[[ DATA EXTRACTS open ]]

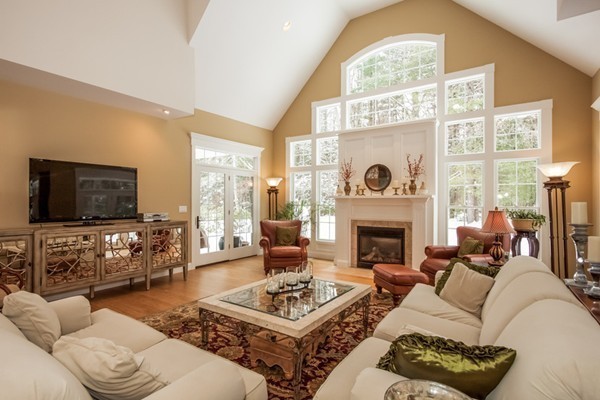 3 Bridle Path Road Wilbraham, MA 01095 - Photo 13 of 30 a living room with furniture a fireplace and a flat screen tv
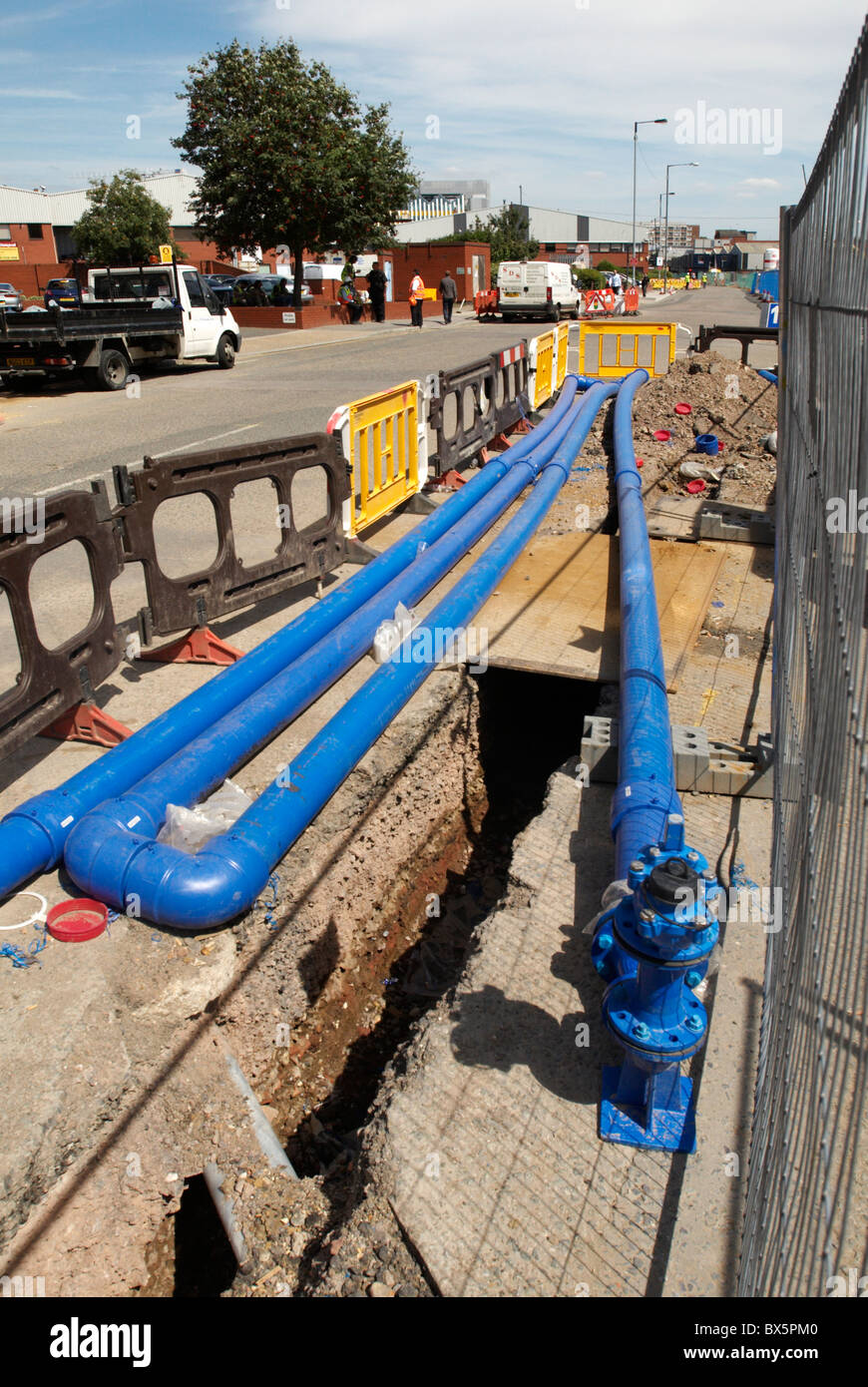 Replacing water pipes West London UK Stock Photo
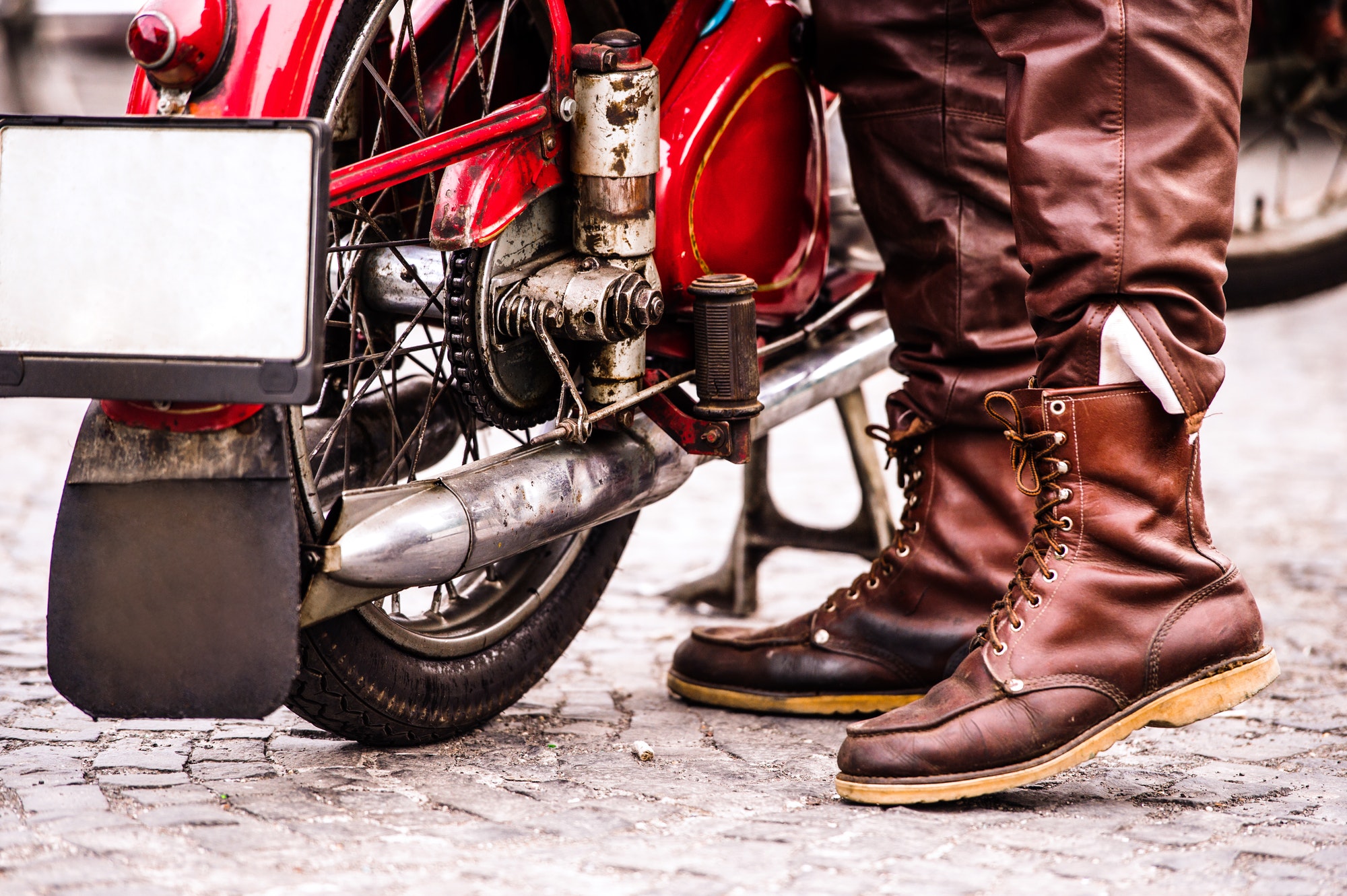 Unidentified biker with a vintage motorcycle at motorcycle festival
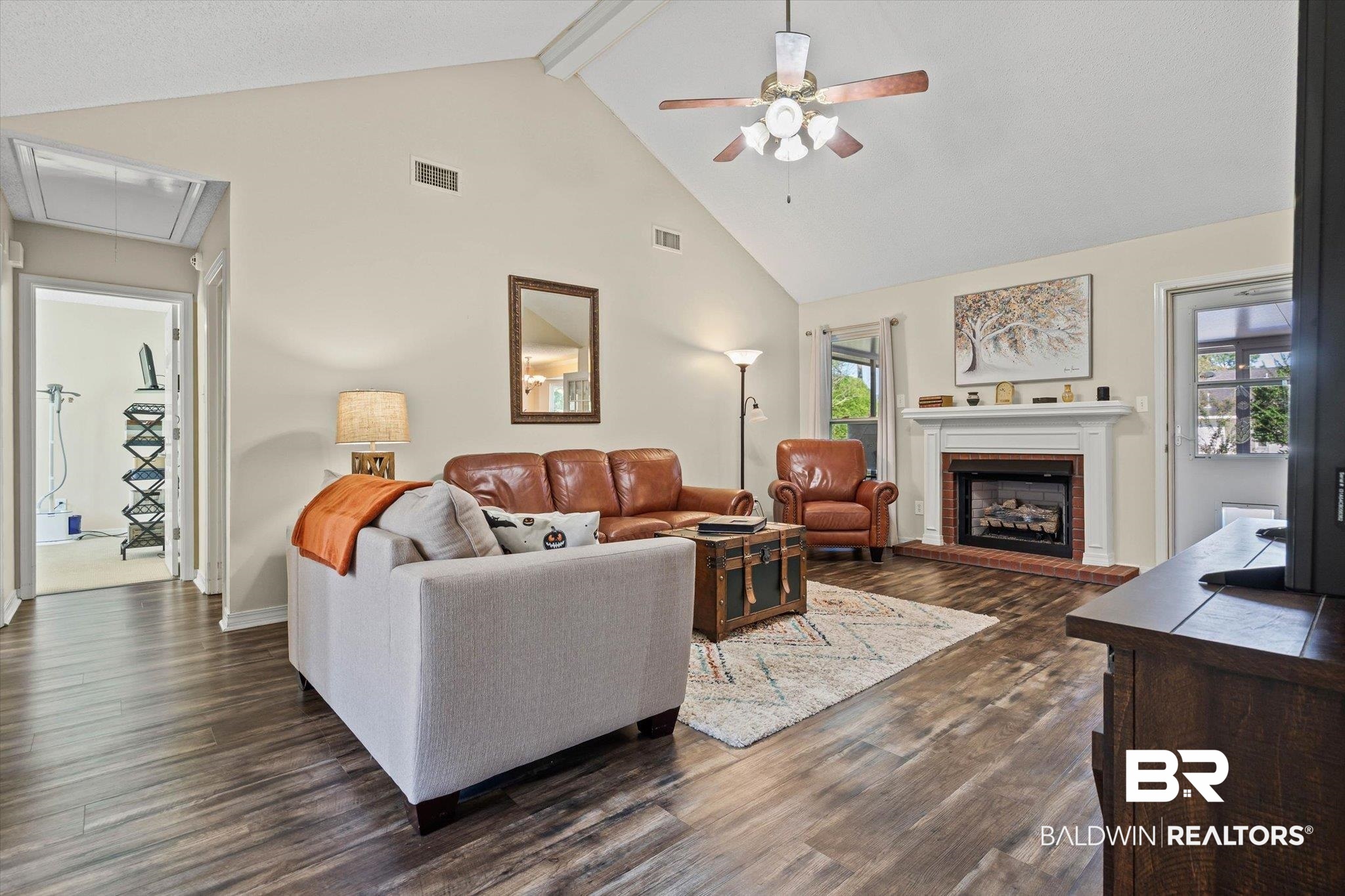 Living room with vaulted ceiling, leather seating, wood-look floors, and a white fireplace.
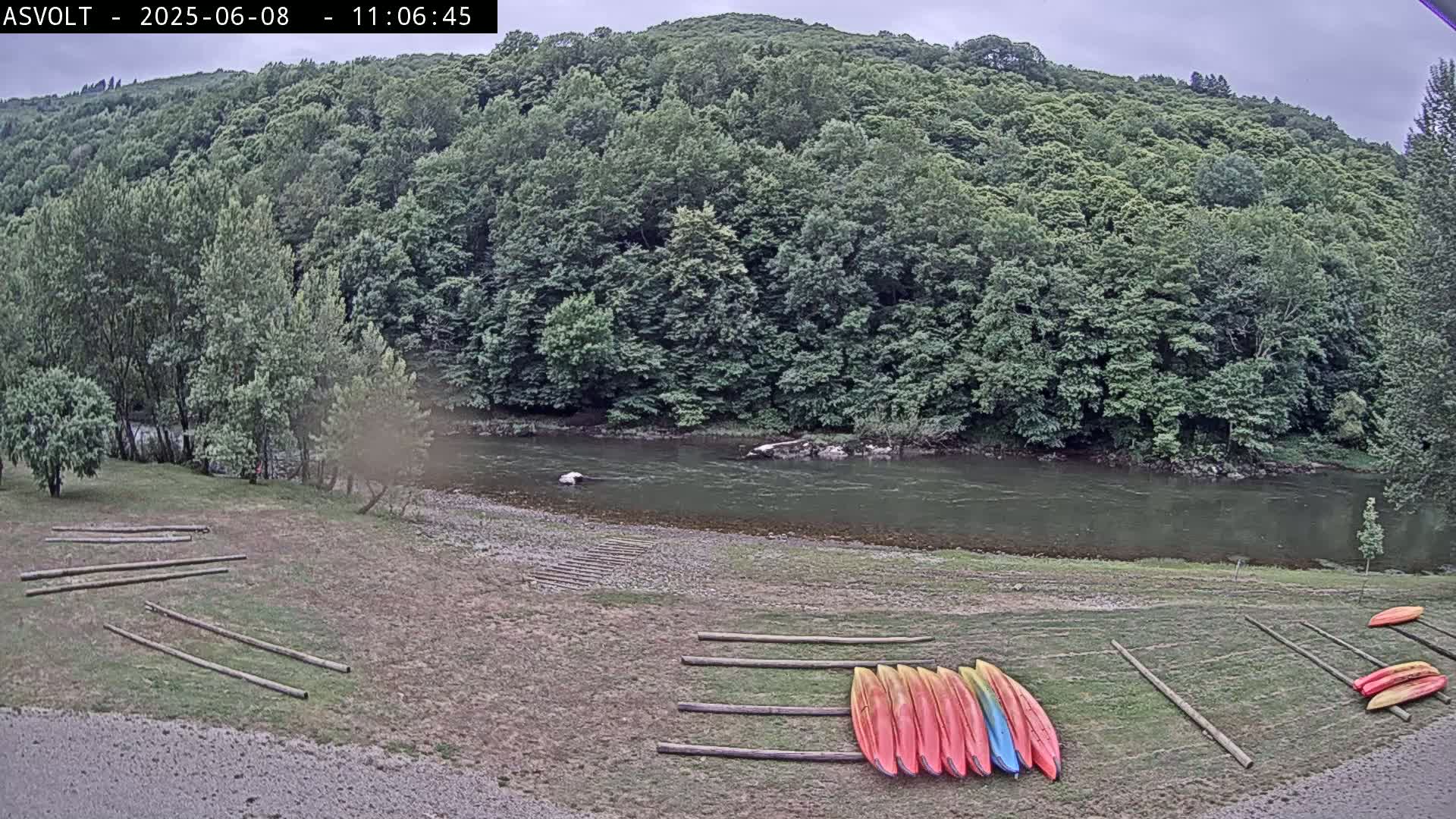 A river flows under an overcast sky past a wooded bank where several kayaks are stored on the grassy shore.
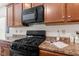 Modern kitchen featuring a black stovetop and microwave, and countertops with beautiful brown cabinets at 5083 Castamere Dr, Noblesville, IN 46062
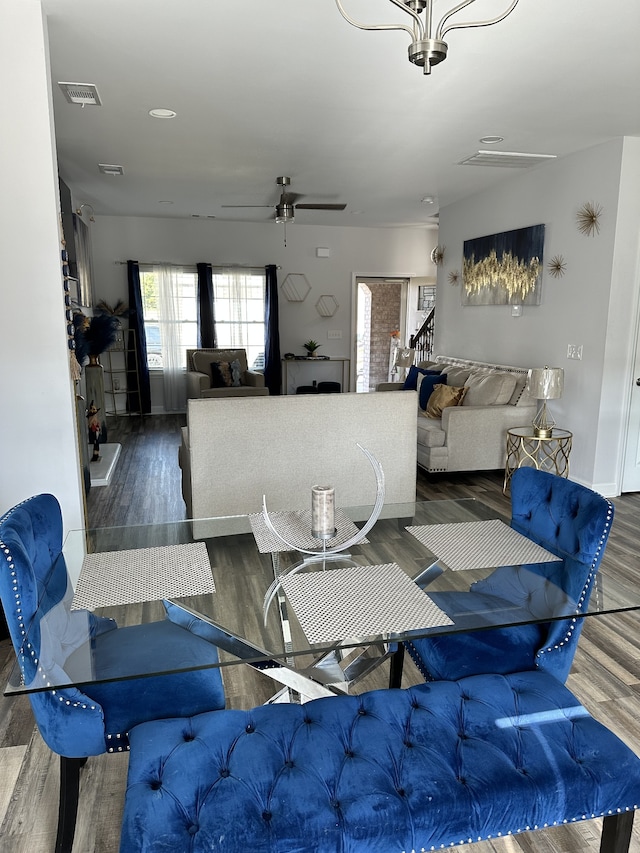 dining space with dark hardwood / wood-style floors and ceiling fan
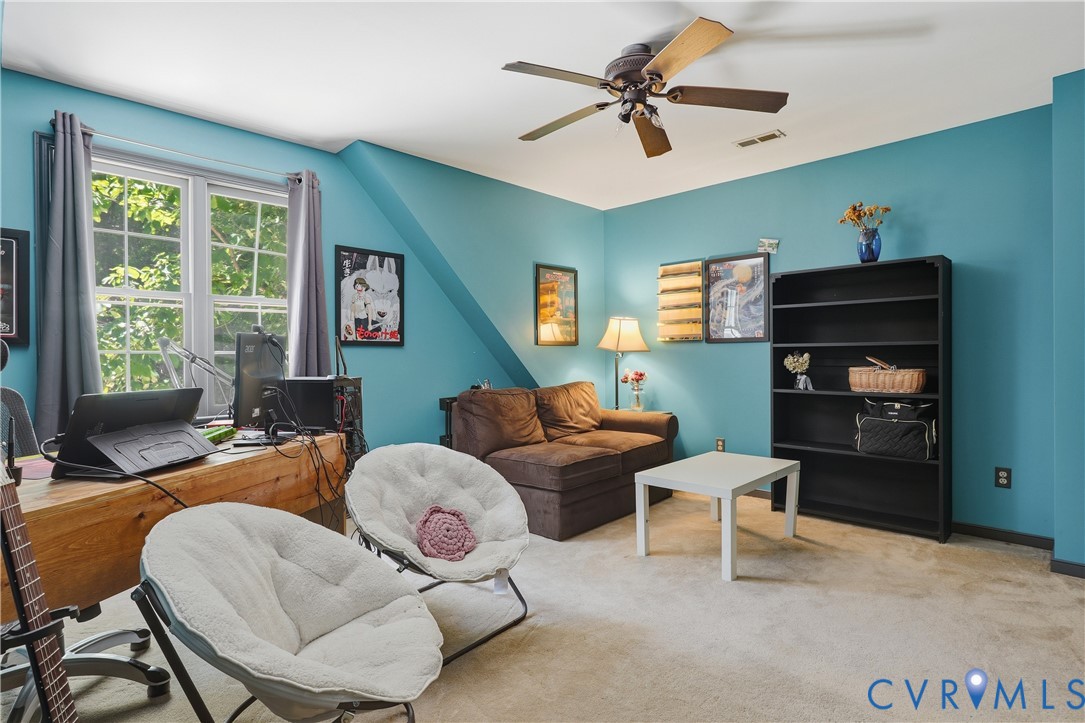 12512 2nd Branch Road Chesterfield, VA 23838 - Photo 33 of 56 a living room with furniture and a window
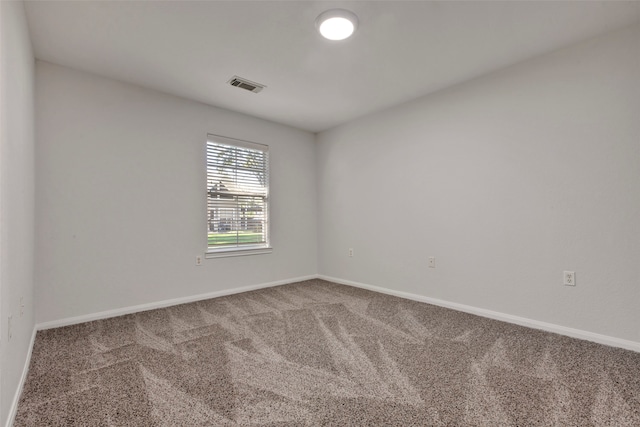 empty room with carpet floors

[[ DATA EXTRACTS closed ]]

■ PROBLEM REQUIREMENTS ■
Leave the pictures out and reproduce each record exactly as written.

■ EXERCISE SOLUTION ■
 3 Bridle Path Road Wilbraham, MA 01095 - Photo 13 of 30 a living room with furniture a fireplace and a flat screen tv
 Replacing water pipes West London UK Stock Photo
 Unidentified biker with a vintage motorcycle at motorcycle festival
 Living room with vaulted ceiling, leather seating, wood-look floors, and a white fireplace.
 A river flows under an overcast sky past a wooded bank where several kayaks are stored on the grassy shore.
 Modern kitchen featuring a black stovetop and microwave, and countertops with beautiful brown cabinets at 5083 Castamere Dr, Noblesville, IN 46062
 dining space with dark hardwood / wood-style floors and ceiling fan
 12512 2nd Branch Road Chesterfield, VA 23838 - Photo 33 of 56 a living room with furniture and a window
 empty room with carpet floors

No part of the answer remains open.